Logistics and shipping labels are the second great application, and the one that has grown fastest this century. Amazon alone generates in the order of six billion shipping labels per year; UPS, FedEx, DHL, and the postal operators collectively run into the tens of billions. Every one of those labels — the thermal-transfer and direct-thermal ones included — sits on release paper during printing, feeding, and application. Thermal-transfer label stock and high-speed labeler webs have driven a specialty segment of tight, uniform release-force release paper built for automated dispensing at 30,000 labels per hour.
Outside labels, release paper is quietly pervasive. Medical adhesives — wound-care dressings, surgical drapes, transdermal drug patches — use medical-grade release paper qualified for sterile processing. Roofing and construction use it as a peel-off carrier for self-adhesive bitumen membranes, flashing tapes, and house-wrap; workers peel the release paper away on the roof to expose the adhesive just before placement. Automotive decals, graphic vinyl, and paint-protection films all rely on release paper during lamination and transport. Tamper-evident security seals, self-adhesive postal stamps, diaper and feminine-hygiene adhesive-backing assembly, flexible printed-circuit-board bonding films, and laminated-glass interlayer handling all consume significant tonnages. The major global producers are Mondi (Austria — one of the two global leaders), UPM Raflatac (Finland), Ahlstrom (Finland/France), Loparex (US and Netherlands), Sappi (South Africa and global), and Delfort Group (Austria).
Origins and history
The release-paper story starts with a problem in adhesive chemistry and is resolved by a breakthrough in silicone chemistry. The adhesive side of the story begins in Los Angeles in 1935, when R. Stanton Avery — a 28-year-old inventor working out of a rented loft with a second-hand printing press — founded Kum Kleen Adhesive Products (shortly renamed Avery Adhesive Label). Avery built the first practical self-adhesive label: a printed face stock pre-coated with pressure-sensitive adhesive and mounted on a temporary backing, ready to peel and apply. The central engineering problem was that backing. The PSA had to sit on something until the moment of use, without bonding permanently to it. Avery's earliest products used waxed paper as the release carrier — serviceable, but thermally unstable, inconsistent in release, and prone to contaminating the adhesive with wax migration.

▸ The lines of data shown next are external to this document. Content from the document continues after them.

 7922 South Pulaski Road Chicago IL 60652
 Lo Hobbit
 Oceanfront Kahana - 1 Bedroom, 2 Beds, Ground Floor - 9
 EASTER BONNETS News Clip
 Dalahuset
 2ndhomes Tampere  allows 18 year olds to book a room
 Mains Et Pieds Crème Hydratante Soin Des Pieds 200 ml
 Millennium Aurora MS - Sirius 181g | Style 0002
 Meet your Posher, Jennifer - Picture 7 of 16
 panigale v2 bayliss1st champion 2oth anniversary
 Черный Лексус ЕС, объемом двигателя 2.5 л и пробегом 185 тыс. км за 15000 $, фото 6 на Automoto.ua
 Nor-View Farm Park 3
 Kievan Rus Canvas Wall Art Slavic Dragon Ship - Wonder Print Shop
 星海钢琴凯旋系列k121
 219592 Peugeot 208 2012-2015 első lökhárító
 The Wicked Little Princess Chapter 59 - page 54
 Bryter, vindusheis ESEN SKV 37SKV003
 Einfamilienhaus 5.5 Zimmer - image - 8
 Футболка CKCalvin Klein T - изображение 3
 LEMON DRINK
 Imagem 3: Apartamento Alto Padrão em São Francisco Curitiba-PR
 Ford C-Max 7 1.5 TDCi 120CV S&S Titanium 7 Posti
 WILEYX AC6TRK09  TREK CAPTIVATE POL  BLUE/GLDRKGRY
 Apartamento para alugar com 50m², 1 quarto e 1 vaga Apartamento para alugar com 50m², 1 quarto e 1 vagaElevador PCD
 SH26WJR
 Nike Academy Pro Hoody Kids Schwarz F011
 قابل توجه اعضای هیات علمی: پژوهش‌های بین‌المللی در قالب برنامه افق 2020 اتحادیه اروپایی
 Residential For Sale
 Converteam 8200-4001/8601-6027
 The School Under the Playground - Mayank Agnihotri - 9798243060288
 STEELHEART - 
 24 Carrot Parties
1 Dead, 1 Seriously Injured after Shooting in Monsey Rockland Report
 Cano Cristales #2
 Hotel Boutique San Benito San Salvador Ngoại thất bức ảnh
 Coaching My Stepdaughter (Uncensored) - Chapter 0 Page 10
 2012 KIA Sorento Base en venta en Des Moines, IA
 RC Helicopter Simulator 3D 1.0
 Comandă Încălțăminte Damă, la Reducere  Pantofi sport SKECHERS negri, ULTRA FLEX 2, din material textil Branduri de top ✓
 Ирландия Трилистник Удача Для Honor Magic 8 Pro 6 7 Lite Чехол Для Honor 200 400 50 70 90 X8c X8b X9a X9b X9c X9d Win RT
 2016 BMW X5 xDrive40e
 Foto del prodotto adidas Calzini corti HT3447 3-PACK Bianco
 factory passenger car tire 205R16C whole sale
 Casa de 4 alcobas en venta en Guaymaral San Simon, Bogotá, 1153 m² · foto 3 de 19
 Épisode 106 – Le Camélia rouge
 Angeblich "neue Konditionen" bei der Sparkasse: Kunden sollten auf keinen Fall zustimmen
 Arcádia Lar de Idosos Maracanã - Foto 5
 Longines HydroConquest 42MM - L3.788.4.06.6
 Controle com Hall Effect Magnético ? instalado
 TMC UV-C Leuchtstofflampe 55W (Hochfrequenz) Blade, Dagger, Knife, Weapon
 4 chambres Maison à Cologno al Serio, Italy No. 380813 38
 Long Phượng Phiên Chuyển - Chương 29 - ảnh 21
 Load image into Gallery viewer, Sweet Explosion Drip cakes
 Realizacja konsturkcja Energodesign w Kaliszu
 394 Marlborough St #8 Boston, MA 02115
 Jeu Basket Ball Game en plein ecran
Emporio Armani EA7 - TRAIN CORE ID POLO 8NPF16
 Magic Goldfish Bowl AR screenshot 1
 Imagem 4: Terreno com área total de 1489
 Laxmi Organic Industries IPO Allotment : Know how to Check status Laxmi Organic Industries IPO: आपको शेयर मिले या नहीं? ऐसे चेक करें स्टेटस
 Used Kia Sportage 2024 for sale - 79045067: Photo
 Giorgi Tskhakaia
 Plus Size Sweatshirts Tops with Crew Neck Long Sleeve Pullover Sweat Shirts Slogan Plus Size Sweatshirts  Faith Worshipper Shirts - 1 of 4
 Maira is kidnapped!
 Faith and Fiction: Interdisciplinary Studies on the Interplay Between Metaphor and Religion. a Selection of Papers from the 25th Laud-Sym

The substrate problem would not be solved by paper chemistry. It would be solved by silicone. Eugene G. Rochow, a chemist at General Electric's research laboratory in Schenectady, discovered in 1940 that elemental silicon would react directly with methyl chloride in the presence of a copper catalyst to produce methylchlorosilanes — the foundational monomers for industrial silicone production. Rochow filed US Patent 2,380,995 in 1941 (granted 1945); the same chemistry was discovered independently in Germany by Richard Müller that year, and is known today as the Müller-Rochow direct process. Before Rochow, organosilicon compounds were laboratory curiosities produced by Grignard reactions at milligram scale. After Rochow, silicone polymers became an industrial reality.
Dow Corning, founded in 1943 as a joint venture between Dow Chemical and Corning Glass, scaled PDMS production through the 1940s and 1950s. By the mid-1950s, Dow Corning and GE were selling silicone release coatings for paper. The match with Avery's self-adhesive label was definitional: a platinum-cured silicone film on glassine gave the first reliably consistent, thermally stable, clean-release PSA carrier. Through the 1960s the combination scaled globally; Avery merged with Dennison Manufacturing in 1990 to form Avery Dennison.
The European self-adhesive-label federation FINAT — founded in 1956 in Paris — standardised release-paper construction, release-force testing, and terminology across the continent. FINAT FTM-5 remains the reference release-force test method globally. The 1973 adoption of the UPC barcode in US supermarkets, and the logistics-label explosion led by FedEx and UPS through the 1980s, pushed release paper into mass-scale specialty production. The 2010s and 2020s, dominated by e-commerce shipping labels and thermal-transfer growth, turned it into the quiet high-growth grade it remains today.
A consequential concern has accumulated: release paper is, by design, waste. The substrate's job ends the moment the label is peeled. Historically it went to landfill. Recent programmes — Cycle4Green, UPM Raflatac's RafCycle, and Ahlstrom's Liner Loop — collect spent release paper from high-volume label converters back into new paper products. Ahlstrom-Munksjö introduced the first commercially viable recycled-content release paper in 2019; Mondi now runs take-back programmes across European converter sites.
How it's made
Release paper is a composite: a carefully engineered base paper with a thin, cured silicone elastomer film on one or both sides. The base does most of the mechanical work; the silicone does all of the release work.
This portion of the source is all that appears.